No me gusta la palabra mascota. Encierra el egoísmo de creer que el animal existe para acompañarnos y no para ser acompañado, para amortiguar nuestra soledad y no a la inversa. Escribo esto mientras acaricio a Ratón, el gato que convive conmigo, con la parsimonia del malo del Inspector Gadget. Él decide cuándo compartir su tiempo conmigo, cuándo abordar la rutina desde mis rodillas y cuándo desde el suelo, cuándo enroscarse como serpiente, ignorando toda tentación, o cuándo zampárselas de un brinco. Escatima ronroneos, como esos amantes que liberan un «te quiero» muy de vez en cuando, porque algo se pierde en lo que se dice. Yo lo colmo a besos y él dispone cronómetro en sus bigotes. Provoca su indiferencia una pasión insatisfecha y, por tanto, eterna.

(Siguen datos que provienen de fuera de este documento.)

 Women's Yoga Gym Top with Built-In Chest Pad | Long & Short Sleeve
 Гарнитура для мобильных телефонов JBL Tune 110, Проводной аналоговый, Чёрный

«Nada hay más triste que un gato callejero que quiere ser un gato casero», dijeron en «The Walking Dead». Dedicarles un día es apenas un maullido, un zarpazo en el calendario. Pero puede uno intentar ser como aquel periodista que, según Fernández Flórez, denunció la caza del minino con anzuelo a manos de unos salvajes que resultaron ser oficiales del ejército. Después de mucha presión, rectificó a su manera: «No eran dos salvajes, sino dos tenientes de Infantería, los que hace una semana…» A los gatos antes los perseguía la Iglesia y ahora los aspirantes a Youtubers. El vídeo o la foto gatuna es como el postre de las primeras citas, siempre se quiere compartir. Vivir con gato es vivir con las uñas que olvida la nostalgia, sin aspirar a ser otra cosa —«el gato quiere ser solo gato», escribió Neruda—, sin aguardar que acudan a tu llamada, con la inconsciencia de una siesta inacabable, viendo el mundo panza arriba, que es un estar dispuesto a abrazarlo todo sin esperar nada.